I was working on Java application recently when I got the following exception
org.xml.sax.SAXParseException: An invalid XML character (Unicode: 0x1a) was found in the element content of the document.
I was using Castor in an attempt to unmarshal (XML->Java Objects) an XML string. The XML originated from a bookmarks file that was uploaded into the application by the user, tidied up, transformed and then stored in a Oracle database. It was at the point at which the XML string was returned from the database and was being converted into Java objects that this error occurred.
I immediately assumed it to be some kind of character encoding conversion problem.
With some databases (e.g. MySQL) it is possible to set data to be passed as UTF8 by passing certain settings via the JDBC url. I do not use MySQL so I do not know whether this would fix my problem; although I suspect it would not.
I tried various methods to convert my XML string into valid UTF8 and I was pretty sure that I had achieved satisfactory UTF8 conversion but I still got the error.
This is when I discovered that not all valid UTF8 characters are valid XML characters, which probably makes sense (what with control characters and such) but I have never had to think about this before.
After spending several hours previously messing with numerous UTF8 conversion techniques I eventually found a solution. I found it in the Xalan mailing list. I am reproducing this solution here because it was not mentioned in the context of the "Unicode: 0x1a" error, if it was I would have found the solution more quickly. The XML standard specifies which UTF8 characters are valid in XML documents, so it is possible to take a UTF8 document and filter out all the invalid characters using a method like this:
/** * This method ensures that the output String has only * valid XML unicode characters as specified by the * XML 1.0 standard.

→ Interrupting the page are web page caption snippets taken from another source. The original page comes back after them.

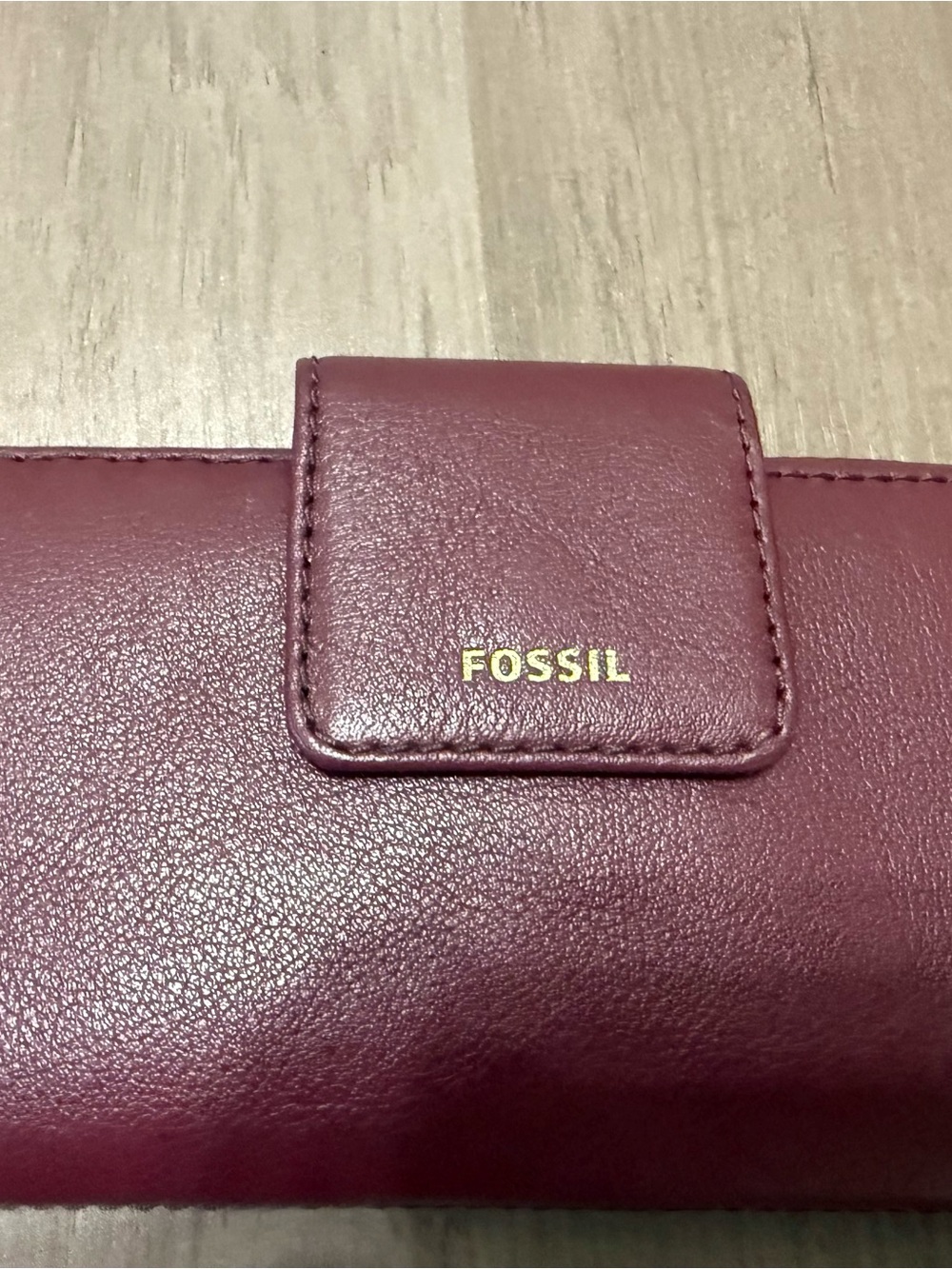 Fossil Leather Wallet in Burgundy with Gold Logo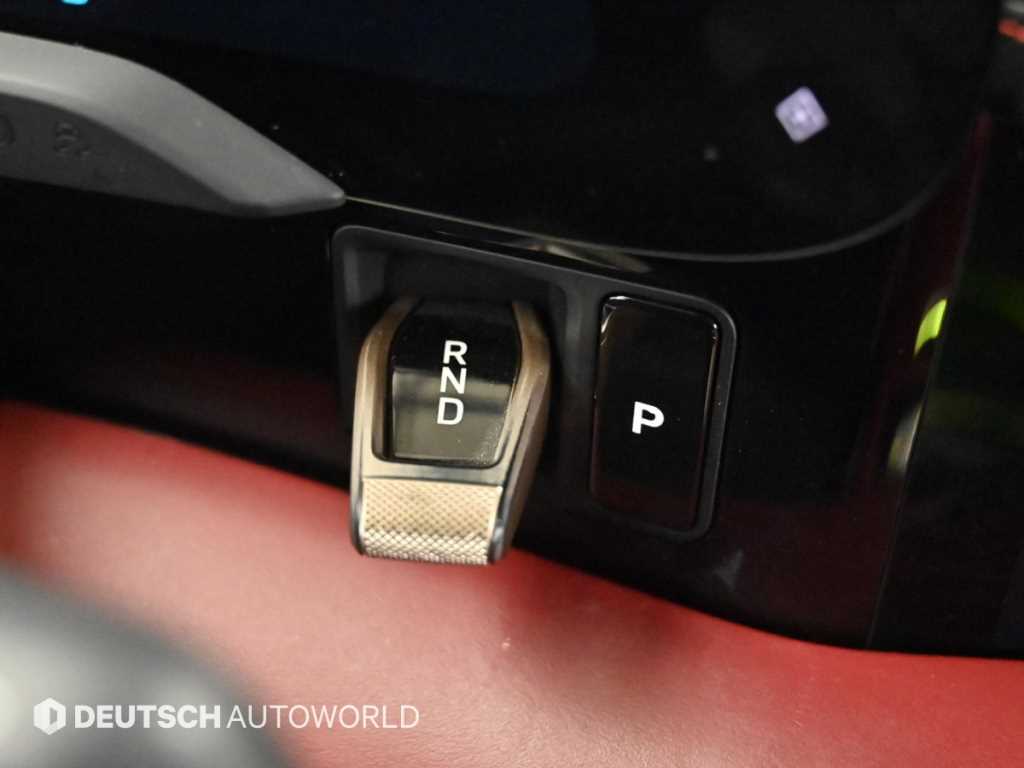 Porsche Taycan — photo 09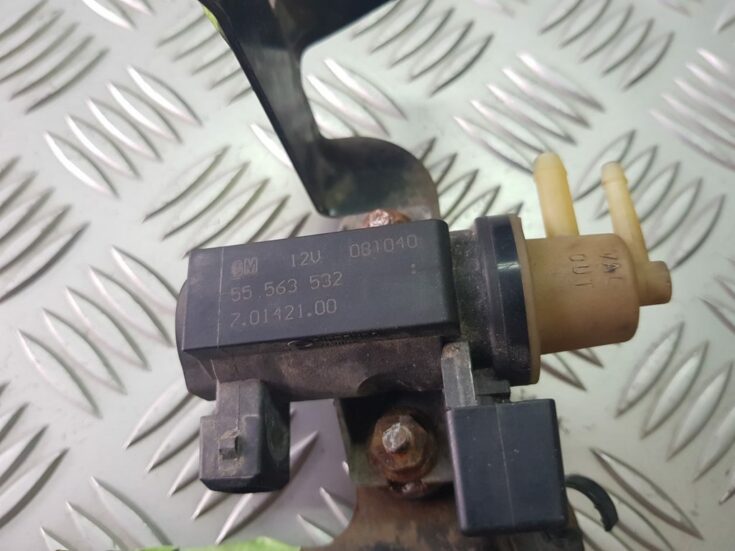 Izplūdes solenoīda vārsts priekš OPEL VECTRA C 2008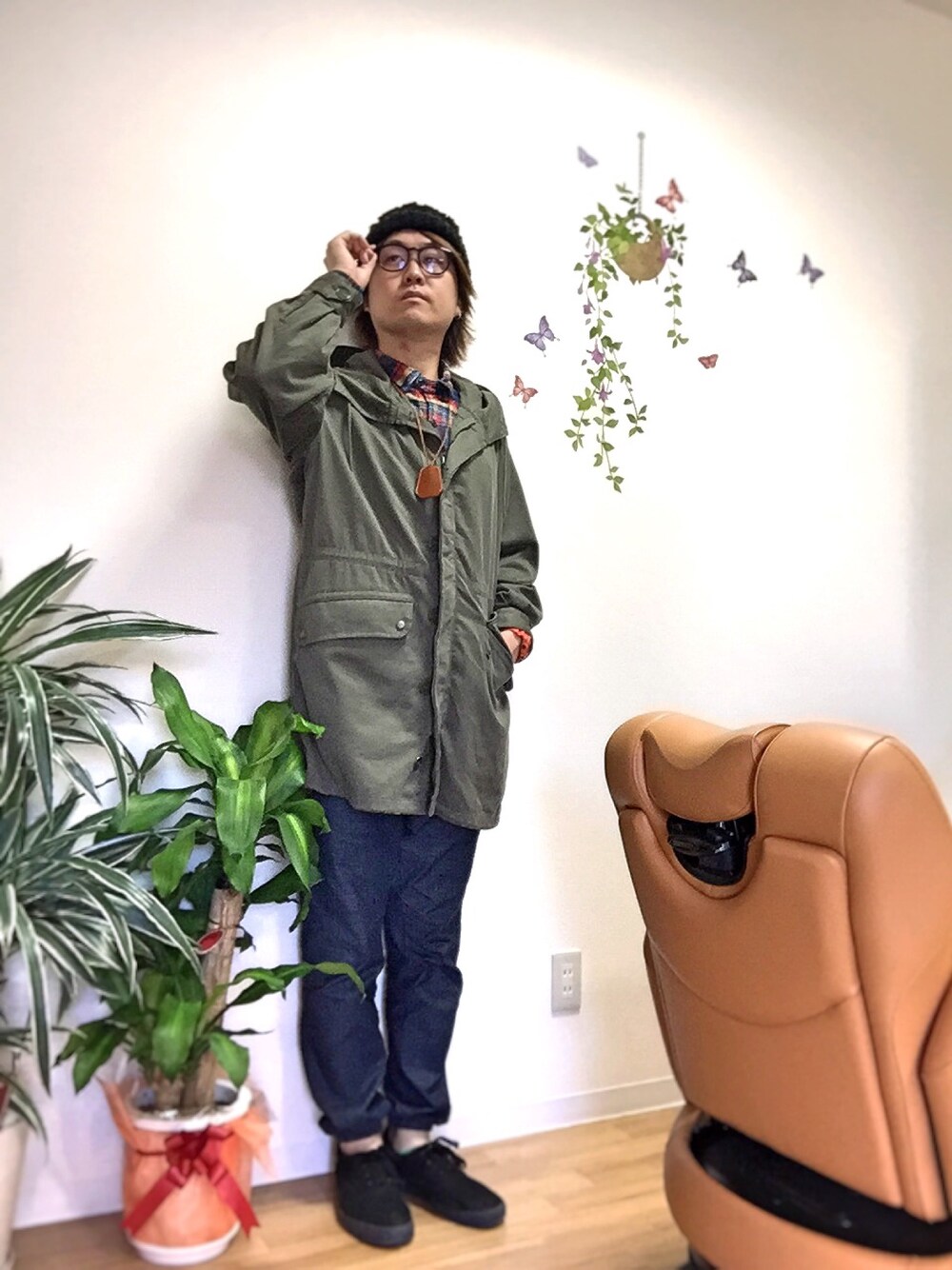 グリーン系のミリタリージャケット、その他のシャツ/ブラウス、ブルー系のデニムパンツを着用したメンズの秋コーディネートの1枚目の写真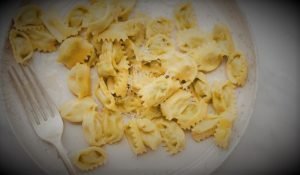 Piatto di agnolotti del plin o agnolotti piemontesi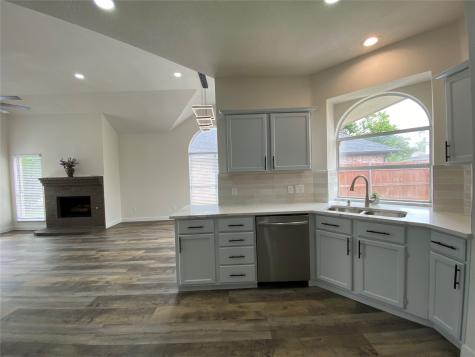 2800 Helen Lane Mesquite TX 75181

For reference, please see * <a href="http://www.w3.org/TR/2000/REC-xml-20001006#NT-Char">the * standard</a>. This method will return an empty * String if the input is null or empty. * * @param in The String whose non-valid characters we want to remove. * @return The in String, stripped of non-valid characters. */ public String stripNonValidXMLCharacters(String in) { StringBuffer out = new StringBuffer(); // Used to hold the output. char current; // Used to reference the current character. if (in == null || ("".equals(in))) return ""; // vacancy test. for (int i = 0; i < in.length(); i++) { current = in.charAt(i); // NOTE: No IndexOutOfBoundsException caught here; it should not happen. if ((current == 0x9) || (current == 0xA) || (current == 0xD) || ((current >= 0x20) && (current <= 0xD7FF)) || ((current >= 0xE000) && (current <= 0xFFFD)) || ((current >= 0x10000) && (current <= 0x10FFFF))) out.append(current); } return out.toString(); }
I hope somebody else finds this useful (and it saves them a few hours of head scratching), alternatively if people reading this know of a better solution then please do let me know!
/**
* This method ensures that the output String has only valid XML unicode characters as specified by the
* XML 1.0 standard. For reference, please see the
* standard. This method will return an empty String if the input is null or empty.
*
* @author Donoiu Cristian, GPL
* @param The String whose non-valid characters we want to remove.
* @return The in String, stripped of non-valid characters.
*/
public static String removeInvalidXMLCharacters(String s) {
StringBuilder out = new StringBuilder(); // Used to hold the output.
int codePoint; // Used to reference the current character.
//String ss = "\ud801\udc00"; // This is actualy one unicode character, represented by two code units!!!.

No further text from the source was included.